Tout commençait pourtant si bien. L’un après l’autre, des jeunes s’expriment le cœur ouvert, face à la caméra, dans un décor immaculé prouvant leur sincérité, avec des discours témoignant toute la difficulté ubuesque de toujours être un « vrai mec ». Ouvrant son œuvre comme un documentaire, le réalisateur Fabian Hernandèz choisit la simplicité pour aborder un sujet complexe : le sort de délinquants de Bogotá baignant dans la masculinité toxique, traitement placebo contre leur extrême pauvreté tant matérielle que psychologique. En quelques minutes, les fondations sont posées, remarquablement solides.
Passée l’introduction, nous voilà propulsés dans la vie de Carlos (Felipe Ramirez), petit dealer taciturne qui vit à la petite semaine pour soutenir sa mère emprisonnée dont on ne verra jamais le visage et sa sœur Nicole (Juanita Carrillo Ortiz) qui se prostitue pour éponger ses dettes. Le protagoniste construit un récit initiatique à revers : si le début du film indique sa volonté profonde de s’intégrer dans un idéal d’un « vrai homme », chaque péripétie le forcera à ouvrir les yeux sur la cruauté d’un monde poursuivant un code d’honneur absurde. L’acteur principal détonne, non pas par son jeu bloqué dans une sempiternelle moue pensive, mais bien par son physique androgyne, à l’écart, trop fragile pour avoir le respect de son entourage. Il se couple à à une mise en scène sensible et juste, si proche de Carlos qu’il l’isole sauf dans les rares moments où le protagoniste laisse exprimer toute sa peine : la caméra s’éloigne, trop pudique devant un homme qui (enfin) pleure.

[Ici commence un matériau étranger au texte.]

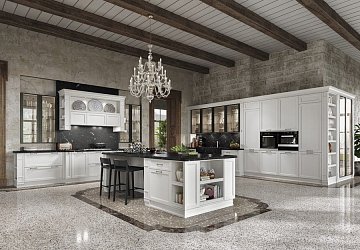 Кухня Венето Кадоро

Pourtant, Un varòn peine à convaincre, cédant aux sirènes du misérabilisme puis d’un récit de gang sympathique mais faiblard. Mis à part Carlos, la plupart des personnages hantent cet univers sans jamais parvenir à s’incarner, tous trop unidimensionnels pour mieux condamner le virilisme du milieu. Si la plupart des scènes détaillent le quotidien de ces populations au bord du gouffre, le tout s’enfonce dans une monotonie paresseuse pour se conclure en queue de poisson. Surtout, c’est cette incapacité du film à approfondir ses propos, à rester dans un discours qu’il a balisé dès les premières minutes et qui guide le reste de l’œuvre comme un manuel scolaire. « Dans la rue, on a que nos vêtements sur le dos et notre parole » affirme-t-on au début : dans Un Varòn, on n’a qu’un acteur et un propos émacié.
Un Varòn / par Fabian Hernandez / avec Felipe Ramirez, Juanita Carrillo Ortiz, Diego Alexander Mayorga / Colombie / 1 h 22 / sortie le 15 mars 2023.